Davacı, paydaşı olduğu taşınmazların ehliyetsizlik, hata ve hile ile davalı yeğeni tarafından elinden alındığını ve satıldığını iddia ederek tapu kayıtlarının iptal edilmesi ve gerçek değerlerinin tespitiyle payına isabet eden miktarın tahsili için dava açmıştır. Ancak, mahkeme davayı hak düşürücü süre içerisinde açılmadığı gerekçesiyle reddetmiştir. Davacı ise karara temyiz itirazında bulunmuştur. Kararda, hile (aldatma) kavramı açıklanmış ve aldatmanın öğrenildiği tarihten itibaren bir yıllık hak düşürücü süre içerisinde iptal hakkının kullanılabileceği belirtilmiştir. Mahkemenin yanılgılı değerlendirmesi nedeniyle kararın bozulması gerektiği belirtilerek, kanun maddesi ve karar numaraları verilerek kararın açıklanmasına son verilmiştir.
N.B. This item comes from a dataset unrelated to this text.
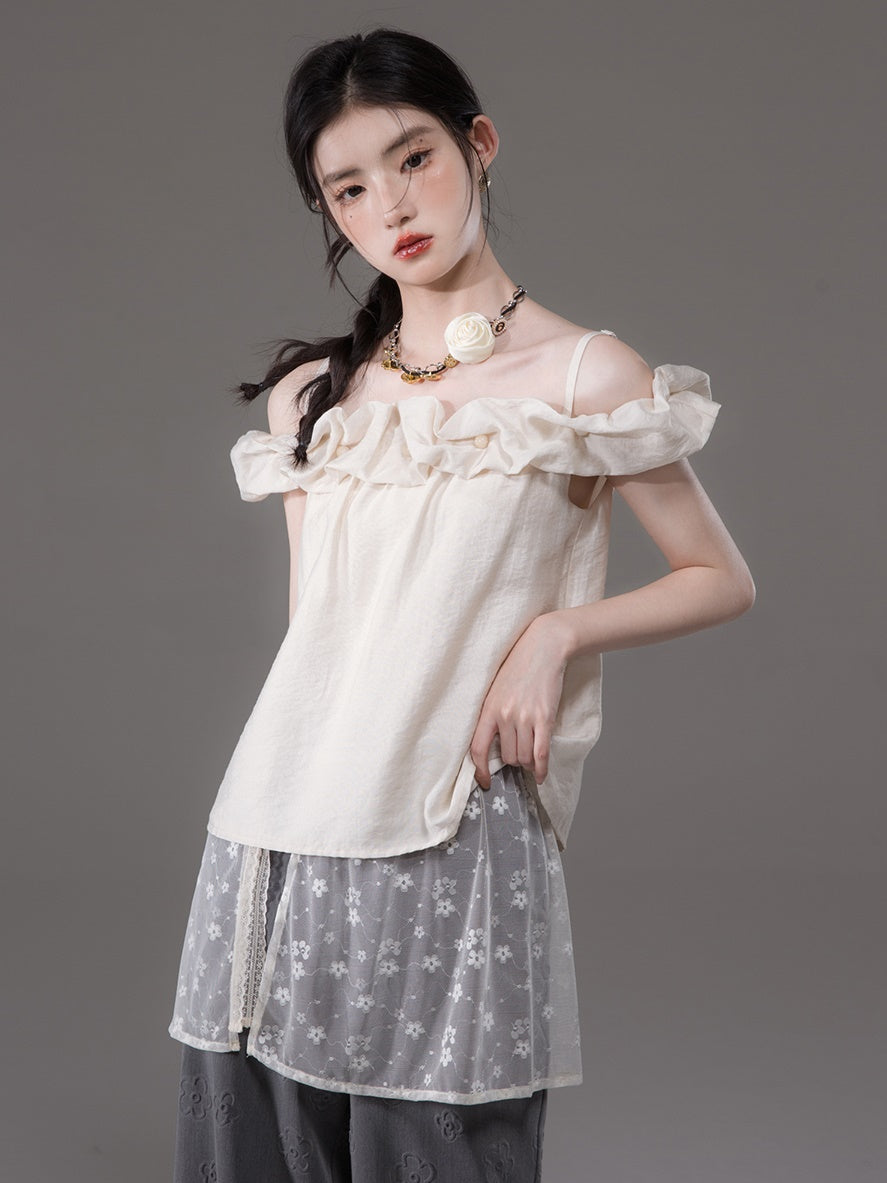 Flower Bud Off-shoulder Shirt ＆ Lace Apron Set-up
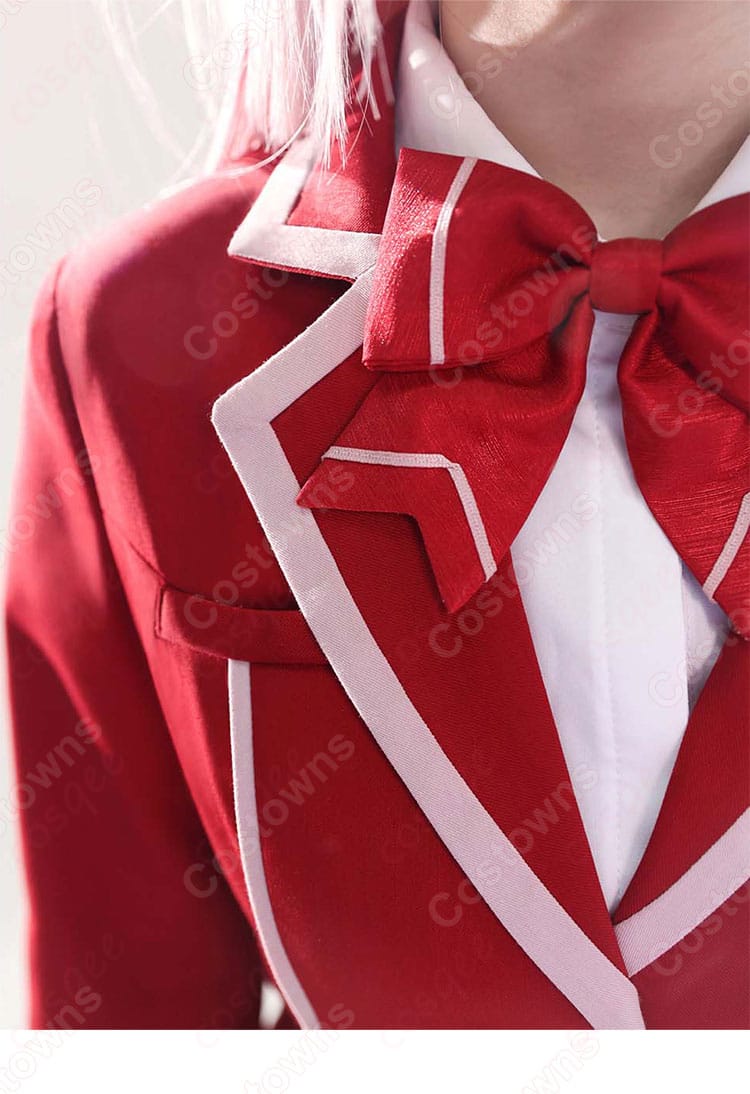 ギルティクラウン 楪いのり 制服 コスプレ衣装 右側の胸元装飾ディテール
Kanun maddeleri: Türk Borçlar Kanunu 39/1, Hukuk Muhakemeleri Kanunu 428.
1. Hukuk Dairesi         2015/16190 E.  ,  2018/12766 K.

    "İçtihat Metni"

    MAHKEMESİ :ASLİYE HUKUK MAHKEMESİ



    Taraflar arasında görülen tapu ipt...... ve tescil-tazminat davası sonunda, yerel mahkemece davanın hak düşürücü süreden reddine ilişkin olarak verilen karar davacı vekili tarafından yasal süre içerisinde temyiz edilmiş olmakla dosya incelendi, Tetkik Hakimi ...’ın raporu okundu, açıklamaları dinlendi, gereği görüşülüp düşünüldü;


    -KARAR-

    Dava, “aldatma (hile) ” hukuksal nedenine dayalı tapu ipt......-tescil olmazsa tazminat isteğine ilişkindir.
    Davacı, kayden paydaşı olduğu 11503 ada 2 ve 11504 ada 16 parsel sayılı taşınmazlarının ehliyetsizlik, hata ve hile ile ve kendisinin okuma yazma bilmemesinden yararlanan davalı yeğeni ... tarafından, aile arasında miras paylaşımının gündemde olduğu bir dönemde, "miras paylaşımı için bana vekalet vermen gerekiyor" diye kandırılması sonucu kendisinin vekaletname verdiğini zannettiğini, yapılan işlemin ne olduğunu anlamadığını, çocuklarının yaptığı araştırma sonucunda söz konusu taşınmazların davalıya satış suretiyle temlik edildiğini öğrendiklerini, taşınmazları veya bedelini davalı ...’den talep ettiklerini,ancak kötüniyetli olan ......’nin söz konusu taşınmazları 08/10/2014 tarihinde diğer davalı ...’e hileli ve muvazaalı bir şekilde sattığını ileri sürerek dava konusu taşınmazların tapu kayıtlarının ipt...... ile adına tesciline, olmadığı takdirde taşınmazların gerçek değerinin tespiti ile payına isabet eden miktarın davalılardan tahsiline karar verilmesini istemiş, yargılamanın devamı sırasında sunulan 15.04.2015 tarihli dilekçesi ile ehliyetsizlik iddiasının olmadığını 30.09.2015 tarihli celsede de iddialarının "hile" olduğunu bildirmiştir.
    Davalı ..., dava konusu taşınmazı tapuya güven ilkesi gereğince satın aldığını, davacı iddialarının resmi senetle yapılmış olan satışa karşı ileri sürdüğüne göre resmi senetle aksinin ispatı gerektiğini belirterek, diğer davalı ... de dava konusu taşınmazda paydaş olan davacının payını kendisine sattığını, HMK gereği davacının iddialarının resmi senetle ispatı gerektiğini belirterek davanın reddini savunmuşlardır.
    Mahkemece, TBK"nın 39. maddesi gereğince davanın hak düşürücü süre içerisinde açılmadığı gerekçesi ile reddine karar verilmiştir.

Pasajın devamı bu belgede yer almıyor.